SUBBIANO – Nella giornata di ieri, i Carabinieri della Stazione di Subbiano hanno denunciato un uomo di 47 anni che, al culmine di una lite, ha picchiato la compagna 44enne provocandole lesioni personali. Le indagini sono state avviate a seguito del ricovero della donna al Pronto Soccorso dell’Ospedale San Donato di Arezzo, dove i sanitari le hanno riscontrato lesioni al collo e al volto. I colpi dell’uomo le hanno anche provocato la lussazione di alcuni denti. I militari hanno ricostruito che durante l’ennesimo alterco per futili motivi tra i due, il denunciato aveva allontanato dalla casa comune la compagna. Il tentativo della vittima di rientrare aveva scatenato la violenza dell’uomo che, sull’uscio della porta, l’aveva colpita più volte. L’uomo dovrà rispondere dei reati di maltrattamenti in famiglia e lesioni personali.

OPERAIO ORAFO MINACCIA E TENTA DI COLPIRE UN COLLEGA CON UN MARTELLO:
DENUNCIATO PER MINACCIA AGGRAVATA

AREZZO –  Nella giornata di ieri, i militari della Sezione Radiomobile della Compagnia di Arezzo hanno denunciato per minacce gravi un cittadino del Bangladesh di 30 anni. Poco prima i Carabinieri erano intervenuti presso una ditta orafa di via Calamandrei dove era stata segnalata una colluttazione tra due operai. Gli accertamenti  hanno consentito di verificare che durante il turno di lavoro, per futili motivi, si era scatenata tra i due una lite, durante la quale un operaio aveva prelevato un martello dal banco di lavorazione e, brandendolo, aveva tentato di colpirlo. Solamente il riflesso dell’altro e l’intervento dei Carabinieri avevano evitato il peggio. In relazione all’accaduto, l’impresa orafa ha licenziato il denunciato.

SI VESTE CON I CAPI SPORTIVI RUBATI AL CENTRO COMMERCIALE: PREGIUDICATO ARRESTATO PER FURTO

CASTIGLION FIBOCCHI –  Nella giornata di martedì, i militari della Stazione di Castiglion Fibocchi, nel corso di un servizio di controllo del territorio per la prevenzione e repressione di reati predatori ad Arezzo, hanno arrestato un pakistano del 1990, già conosciuto dalle forze dell’ordine per aver commesso in precedenza lo stesso reato, sorpreso mentre usciva da un noto negozio di articoli sportivi di un centro commerciale di Arezzo con numerosi capi di abbigliamento.

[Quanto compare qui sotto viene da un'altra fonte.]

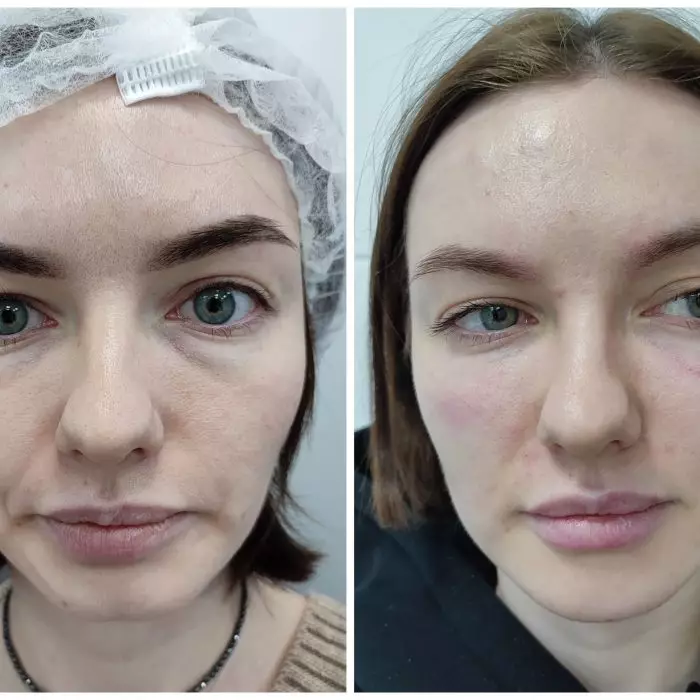 Контурная пластика FullFace и комплексное омоложение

I Carabinieri, insospettiti dal suo atteggiamento, hanno fermato l’uomo che, poco prima, aveva superato le casse con gli articoli rubati. Aveva con sé anche un paio di forbici che ha usato per eliminare il dispositivo antitaccheggio. Il metodo utilizzato era poi quello di indossare sotto i propri abiti i capi trafugati. E’ stato trovato infatti con tre paia di pantaloni e due giubbini.  La merce asportata è stata immediatamente restituita al negozio di abbigliamento sportivo.